ASIC insiders are calling October 5 “Black Tuesday.” For FSC members and other financial services firms working around the clock to meet the deadline for several major new legal regimes, the humour is very dark indeed. 

While grateful for ASIC’s pledge to take a “reasonable” approach to initial enforcement of the raft of reforms starting next month, we know the work readying systems has been exhausting, expensive, and eye-wateringly complex. With other financial services industry organisations, including the Insurance Council of Australia, the Australian Banking Association, and the Australian Finance Industry Association, we are developing an infographic we’ve called the “mega-death star,” illustrating the (often rushed) accumulation of competing, doubled-up and bolted on laws and regulations impacting our members’ businesses.  

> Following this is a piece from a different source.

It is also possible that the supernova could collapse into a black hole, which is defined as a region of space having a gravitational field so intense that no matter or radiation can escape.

The FSC, working with dozens of our members, has developed some solutions. Take financial advice. The tangled overlay of regs and laws – aka the Gordian Knot – can be significantly streamlined if the Government accepts the sensible cost-cutting reforms in our White Paper on Financial Advice, which we are launching next month.  

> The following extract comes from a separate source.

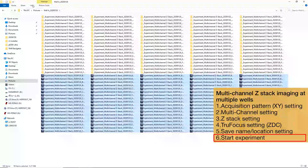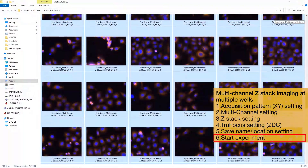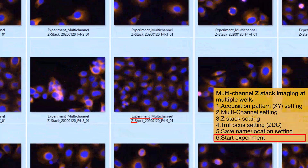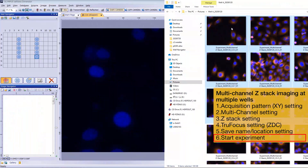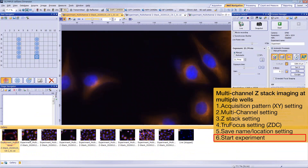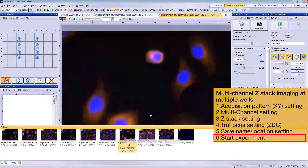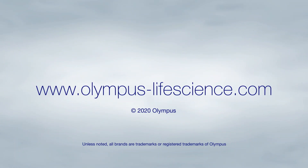You can quickly overview the images. Make sure the file name shows experiment name, process type, date, and well position ID as we specified in the acquisition settings. We can drag and drop images for more detailed observation. Overview images are available in the Gallery tool window, making it easy to browse images. For more information, visit olympus-lifescience.com.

The FSC’s Life Insurance Code of Practice 2.0 is almost ready after two years of solid work with consumer groups and industry, a truly transformative piece of work of which we are immensely proud. So too is the work we have undertaken over the past 18 months on the mandatory Design & Distribution Obligations (DDO) regime, which reaches into every part of financial services businesses. Most of our 111 members as well as 280 firms that are not FSC members will use the Target Market Determination (TMD) templates and data standards we developed, with the goal of achieving as much alignment and simplicity as possible across industry. See here for access to our TMD templates and data standards.  

In a critical effort to get more women into careers running money, again, with our members the FSC has developed the Women in Investment Management Charter (WIM Charter) which helps fund managers achieve gender targets in their investment management teams. We are already grappling with the low numbers of women leading ASX300 companies, so we’re determined to increase gender diversity in financial services, particularly fund managers.  

Our purpose as an expert, specialised policy and advocacy organisation is to make sure our members' businesses can run as efficiently as possible, and as many Australians as possible can exercise choice to access high quality, reliable products and services to enhance and protect their wealth. To achieve this, we hold lawmakers to account in the face of sometimes poor decisions – like DDO’s “nil complaints” reporting, which threatens to overload systems with millions of reports informing regulators that nothing has gone wrong. An unintended consequence that will push up costs and protect not a single consumer, this one should go.